Embraer has signalled its intent for a head-on assault on the Pratt & Whitney GTF geared-turbofan-powered Bombardier CSeries, as well as on Airbus and Boeing, with the development of an all-new 130-seater.

Sources say the Brazilian airframer has been examining the market for a small mainline airliner above its 115-seat Embraer 195 twinjet through discussions with potential customers and engine suppliers. Speaking exclusively to Flight International, executive vice-president airline market Mauro Kern confirms Embraer is undertaking "some possible work with a little bigger [aircraft] than the current 195, not only using the current platform, but also a new design".

He says that because a clean-sheet design would need a new-generation engine, Embraer has been "in talks with the three big engine guys [GE, Rolls-Royce and P&W] about a possible new platform to support new airplanes".

Kern says any move by Embraer would not be "just about responding to the CSeries" because there are other competitors in that sector, but stresses there is no imminent decision or launch pending.

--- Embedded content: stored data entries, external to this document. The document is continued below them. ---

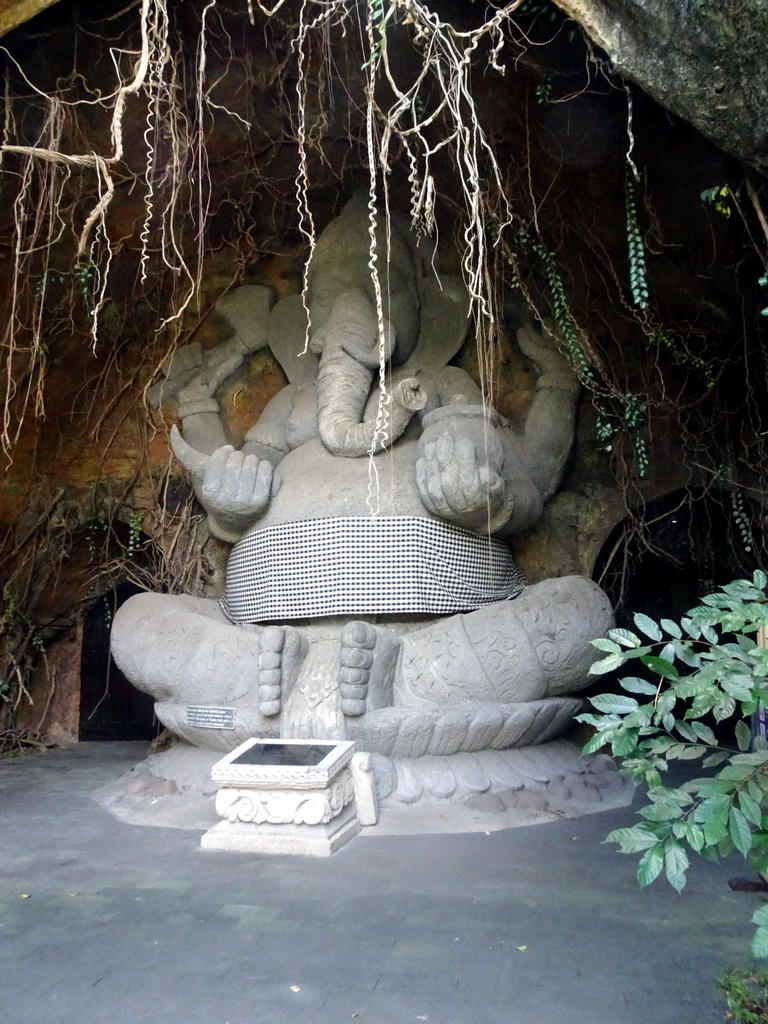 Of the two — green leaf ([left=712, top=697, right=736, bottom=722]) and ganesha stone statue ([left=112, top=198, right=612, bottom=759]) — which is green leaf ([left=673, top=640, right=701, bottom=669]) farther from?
ganesha stone statue ([left=112, top=198, right=612, bottom=759])

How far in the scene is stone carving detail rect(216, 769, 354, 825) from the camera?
2.94 meters

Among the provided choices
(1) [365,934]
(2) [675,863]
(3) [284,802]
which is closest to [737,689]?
(2) [675,863]

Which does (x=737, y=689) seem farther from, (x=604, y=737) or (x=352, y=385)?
(x=352, y=385)

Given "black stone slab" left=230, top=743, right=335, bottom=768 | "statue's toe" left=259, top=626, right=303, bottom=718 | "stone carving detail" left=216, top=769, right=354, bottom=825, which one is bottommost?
"stone carving detail" left=216, top=769, right=354, bottom=825

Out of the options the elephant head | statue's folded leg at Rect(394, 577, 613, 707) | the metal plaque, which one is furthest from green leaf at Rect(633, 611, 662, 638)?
the metal plaque

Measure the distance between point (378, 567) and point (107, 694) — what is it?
3230 mm

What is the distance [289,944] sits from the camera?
209cm

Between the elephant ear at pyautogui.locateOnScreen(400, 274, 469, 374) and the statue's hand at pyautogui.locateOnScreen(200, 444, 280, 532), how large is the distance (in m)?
1.05

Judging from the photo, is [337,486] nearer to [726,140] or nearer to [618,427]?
[618,427]

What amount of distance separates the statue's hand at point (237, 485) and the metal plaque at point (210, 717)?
94cm

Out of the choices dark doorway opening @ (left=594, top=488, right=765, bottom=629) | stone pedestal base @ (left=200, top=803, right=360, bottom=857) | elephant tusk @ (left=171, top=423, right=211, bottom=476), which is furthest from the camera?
dark doorway opening @ (left=594, top=488, right=765, bottom=629)

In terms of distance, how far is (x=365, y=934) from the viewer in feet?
7.07

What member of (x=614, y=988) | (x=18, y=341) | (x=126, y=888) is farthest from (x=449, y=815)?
(x=18, y=341)

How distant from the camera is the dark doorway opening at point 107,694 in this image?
6359 mm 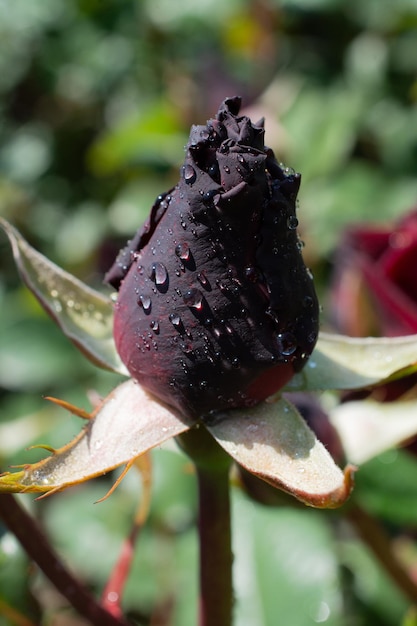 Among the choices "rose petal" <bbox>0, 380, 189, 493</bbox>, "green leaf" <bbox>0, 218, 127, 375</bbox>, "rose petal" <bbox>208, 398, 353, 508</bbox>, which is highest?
"green leaf" <bbox>0, 218, 127, 375</bbox>

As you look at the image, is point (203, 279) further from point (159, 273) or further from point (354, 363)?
point (354, 363)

The airframer is known to have discussed its studies with airlines, including Delta Air Lines, and prospective CSeries customers. Kern declines to be specific about these conversations, and says: "We understand the airlines may have some need for some specific sizes and what we are doing today is all still very general."

Edward Pieniazek, director of UK analyst Ascend Worldwide, says: "A shift up beyond 120-plus seats by Embraer is logical - it would see a greater opportunity of growing sales volumes and customer base."

Teal Group vice-president analysis Richard Aboulafia thinks Embraer's motivation might be more to do with its recent diversification into the business jet arena, a strategy that "looks less sound than it did before 2008". This means other sectors "suddenly start to look more attractive", he adds.

Pieniazek believes the time is right strategically for Embraer to think about a move: "Embraer and Bombardier would benefit from building up a head of steam in sales in this new sector before facing what could be very competent responses from Airbus and Boeing."

Aboulafia is not expecting an early move by Embraer, saying: "It makes sense to start surveying the fieldit will be years before it needs to decide whether or not to press ahead."

But he believes the "big question" facing Embraer is the availability of resources in the medium term, with its commitment to bring the Legacy 450/500 business jets and KC-390 airlifter to market.